The premise itself is terrible. Murphy plays the Lilliputian commander of a spaceship sent to earth to retrieve an orb that will, when released into the ocean, sap them of their salt, which the mini-invaders need to power their home planet of Nil. The ship is in the form of a huge robot—also in the form of Murphy—that will interact with the locals to find and unleash the orb. In one of those idiotic coincidences beloved of lousy screenwriters, Robo-Murphy, or Dave as it comes to be called, just happens to get run down, and then adopted, by Gina (Elizabeth Banks), mother of Josh (Austin Lynd Myers), the kid who found the device (this in New York, where the odds of that happening are about twenty million to one). Josh and Dave bond as they try to track down the schoolyard bully who stole the orb and Gina becomes interested in the “guy,” too, despite his oddities and quirks. But Dave has sparked the interest of a cop (Scott Caan) who believes in extra-terrestrials and is anxious to track him down.
Meanwhile in the ship the captain, who controls the robot’s voice and movements via his crew, finds himself becoming enamoured of earth ways and wary of the effect his mission will have on the planet. And most of his crew are affected, too. His cultural officer (Gabrielle Union), who’s obviously in love with her boss, gets more obvious about her feelings. Others get interested in Broadway show tunes (cue the gay poses), or hip-hop (ditto ghetto slang), or…whatever. That spurs action by the goofy No. 2 (Ed Helms, of “The Office”), who leads a mutiny to take over the ship and complete the mission.
Most of the supposed humor here arises from the white-suited Dave’s inept attempts to conform to earth customs that are utterly foreign to him. It’s a gag that runs dry fast, but both it and his warming relationship with Gina and Josh might have worked better if the whole picture weren’t directed in such a slipshod fashion. The timing is almost always off—a sequence set in Old Navy (one of too many product placements) is excruciatingly slapdash and drawn-out, and isn’t funny to begin with. There’s also a hefty seasoning of the puerile potty humor designed to appeal to kids nowadays, though since a robot’s involved, of course, it’s all purely mechanical.
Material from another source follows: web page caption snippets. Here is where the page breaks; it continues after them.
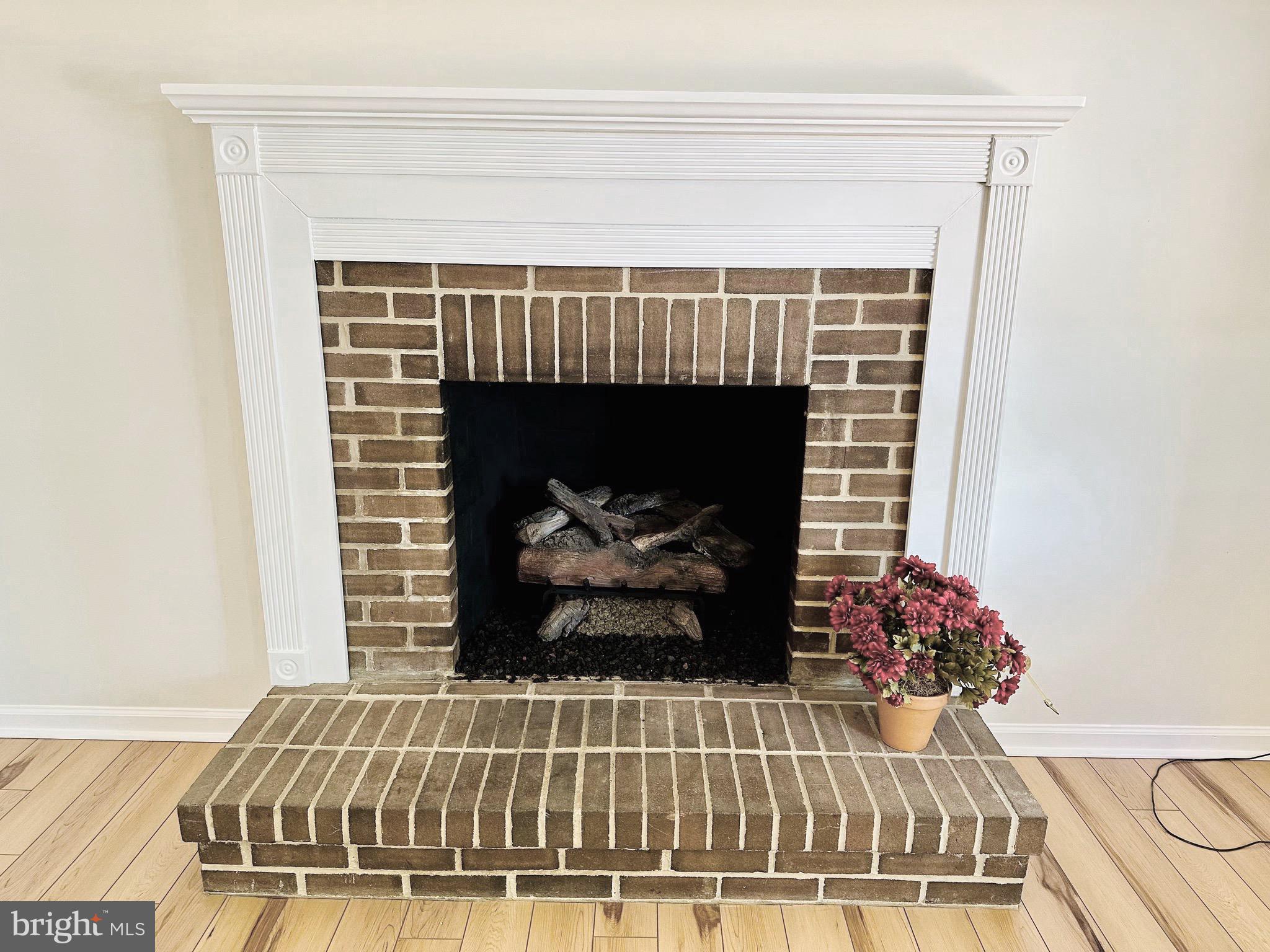 LONGWOOD KNOLLS - Residential
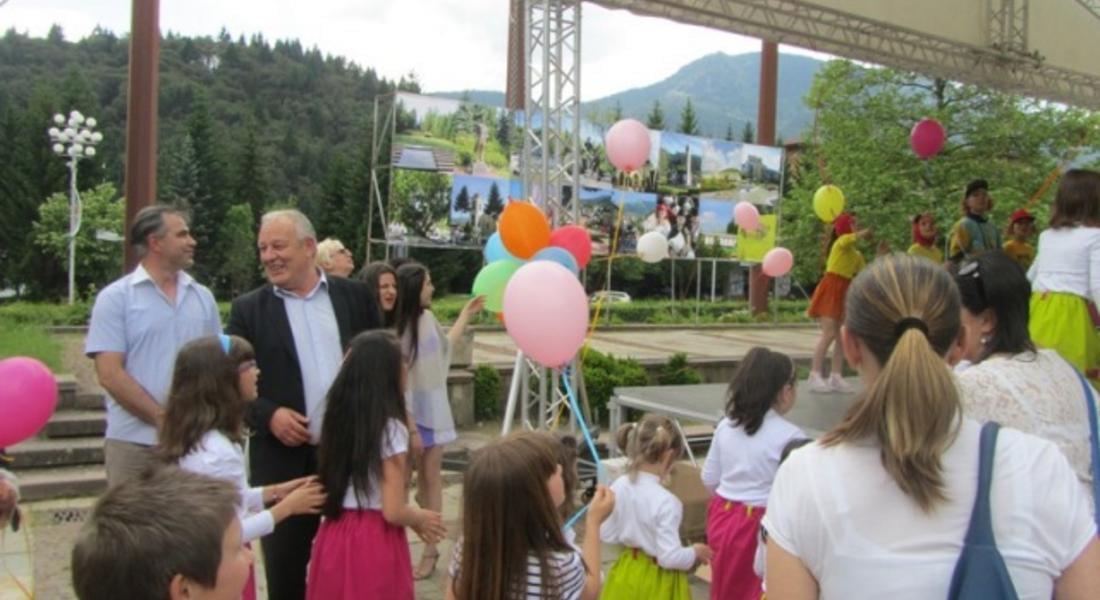 Кметът Мелемов кани децата на Смолян да отпразнуват 1 юни с много забавления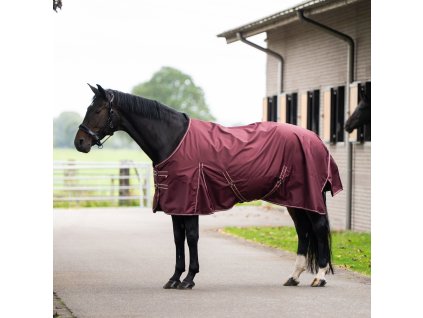 Deka výběhová Basic Imperial Riding, 300 g, deep red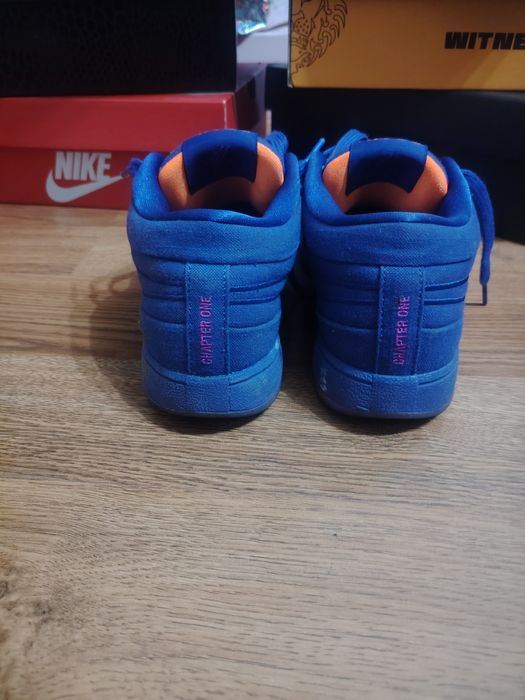 Adidași superbi, originali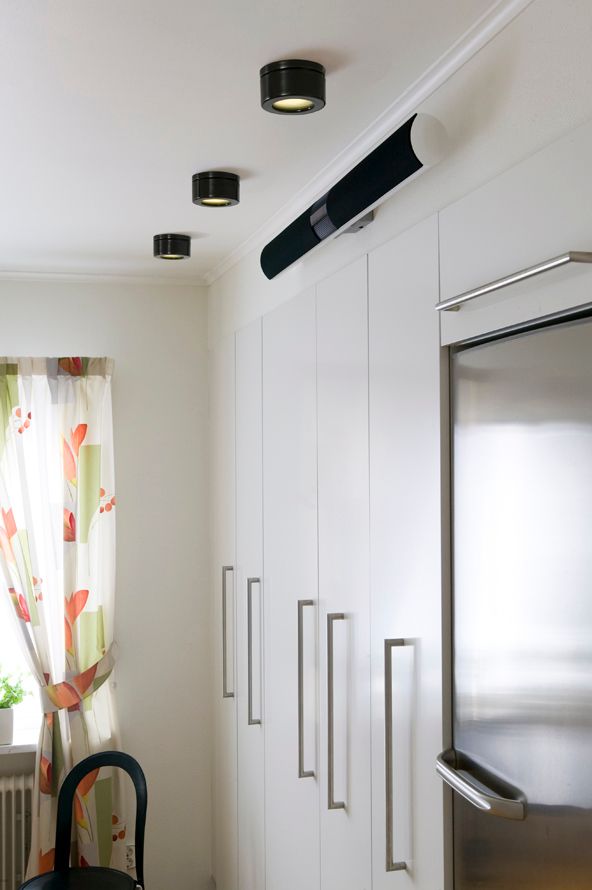 Drei Cool high Wand-/ Deckenleuchte – Porzellanleuchte GX53 IP44 schwarz | Ifö Electric an Decke vor Küchenschränken montiert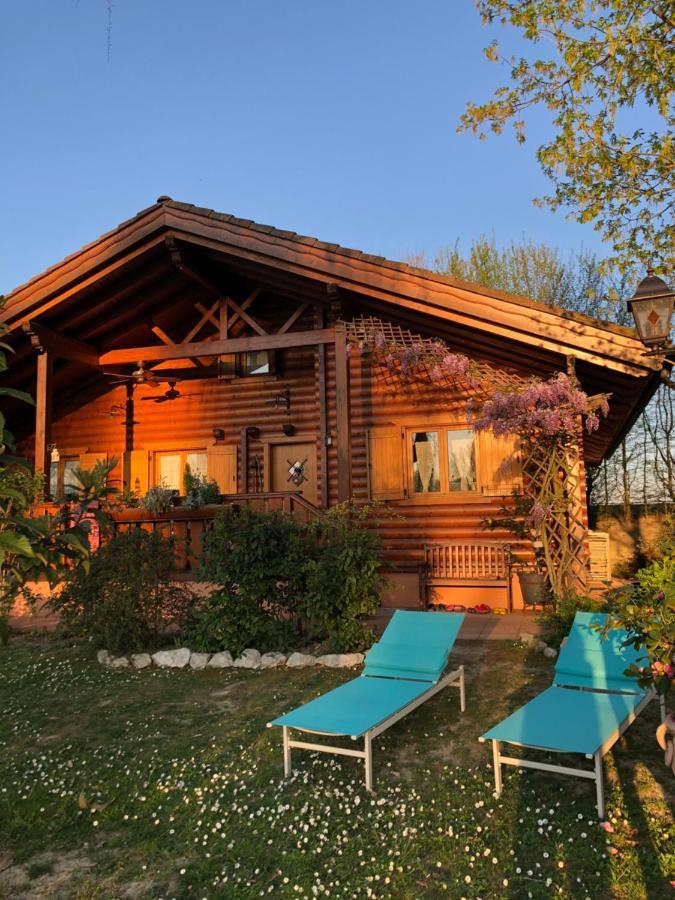 Chalet B&B Laghetti Martina Crevalcore المظهر الخارجي الصورة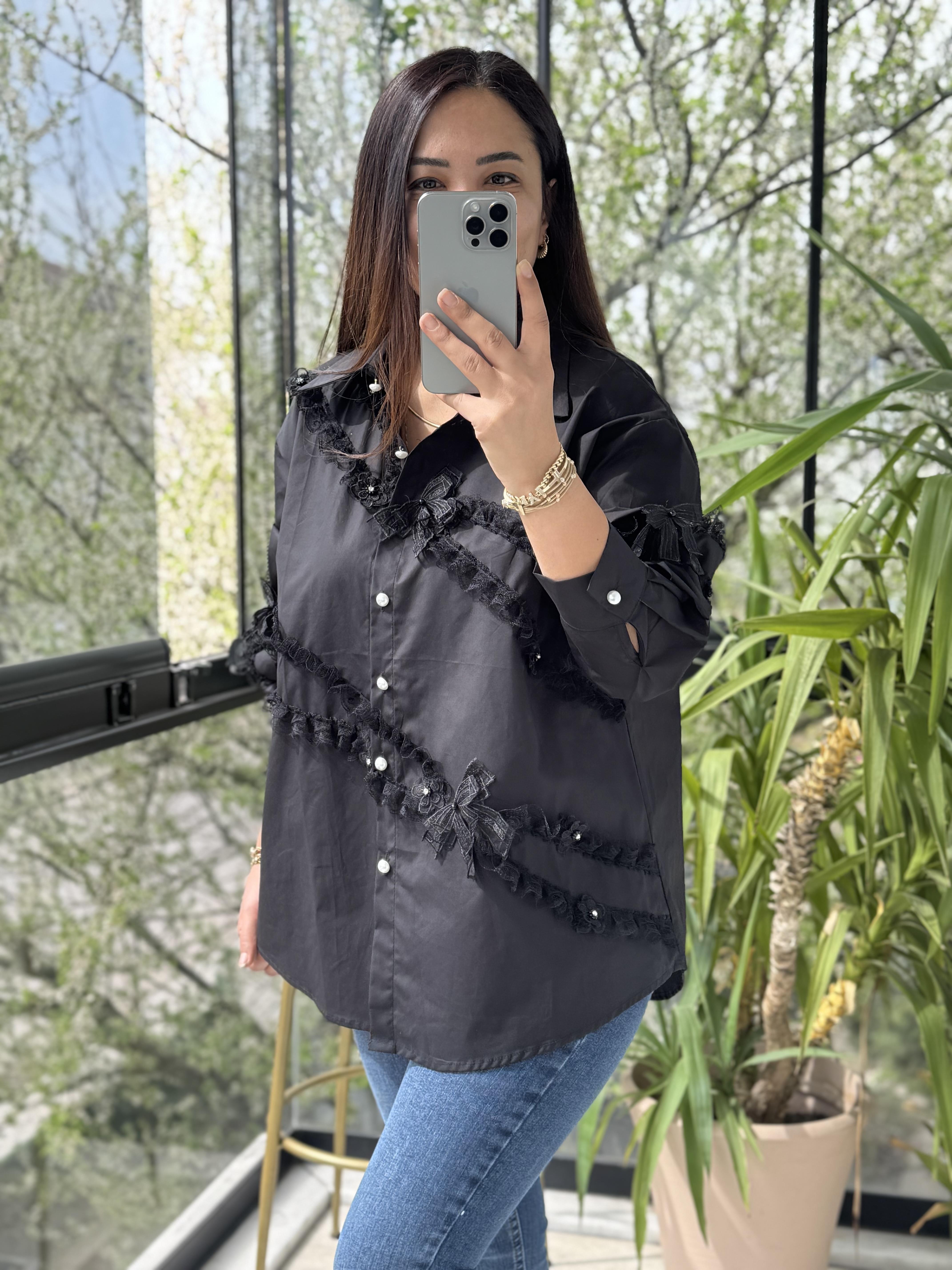 Asimetrik Güpürlü Taşlı Gömlek Siyah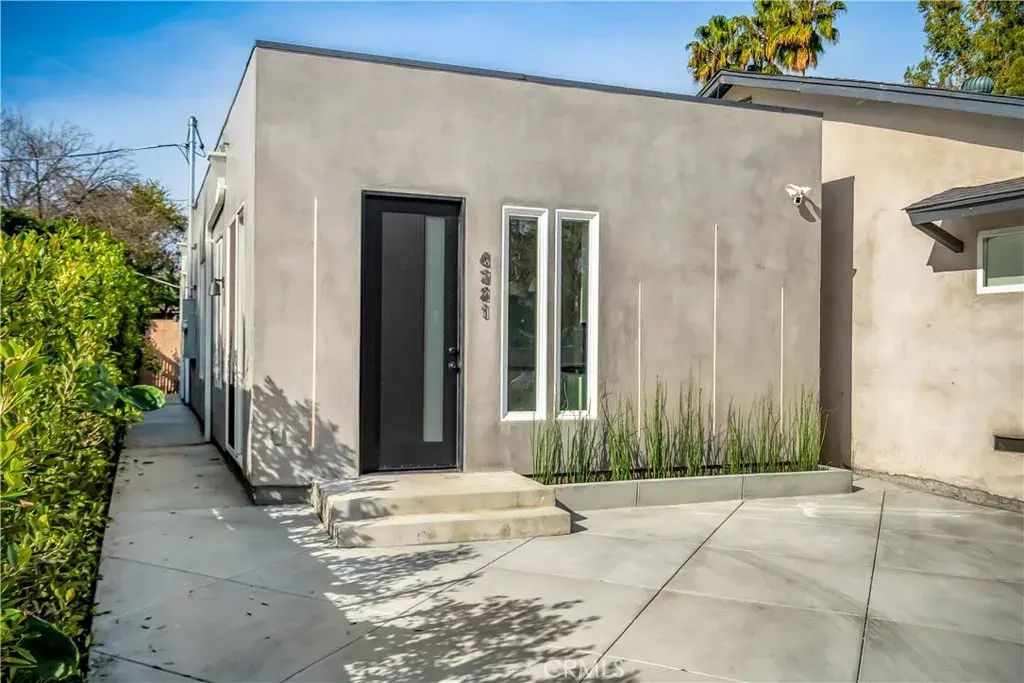6721 Rhea, Reseda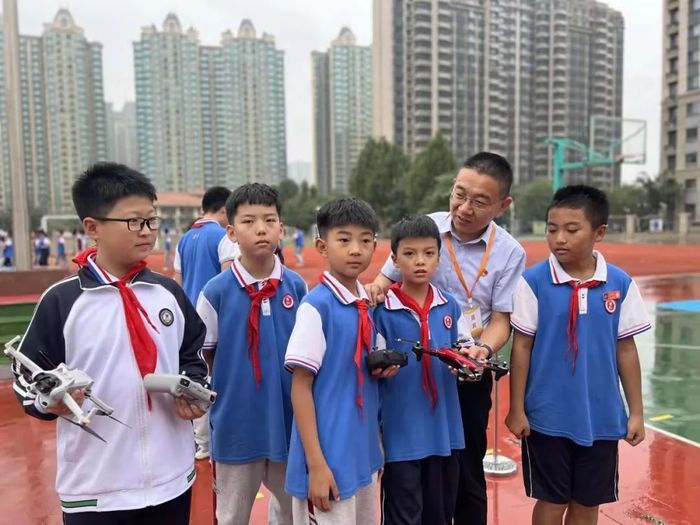 逐梦空天，北斗指路——济南市历城区里仁学校举办“科创科普进校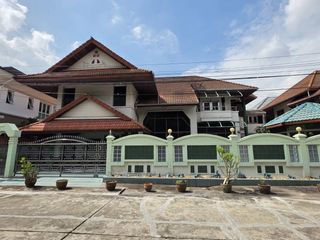 Haus zum Kauf mit 3 Zimmer in Bang Kapi, Bangkok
The earth-based stuff, however, is positively brilliant compared to the awful scenes on the ship, where everybody is stiff and inhibited until the earth’s freewheeling influences kick in. The material is several leagues beneath sophomoric, filled with the crudest stereotyping and staged in a stilted, overemphatic style that makes the dreary stuff all the more painful.
Brian Robbins’ lackadaisical hand is also to blame for Murphy’s dreadful performance, which is all grins, grimaces and bad slapstick, shot for the most part at too close a range by cinematographer J. Clark Mathis. Union is her usual blandly pretty self, Banks is wasted, Myers isn’t the adorable tyke the producers apparently believe, and Caan comes on too strong. The worst indignity, however, is suffered by Helms, who takes his already-hyper “Office” shtick up several decibels, and Pat Kilbane, as the security officer who goes all swishy.
“Meet Dave” looks chintzy, too, with the inner-ship sets especially bad, as though they’d been purchased from a shuttered modernistic hotel. But it’s all of a piece with what’s played out on them. This is a flat, lame excuse for a family comedy, just one more nail in Murphy’s movie career, and an introduction you should definitely avoid.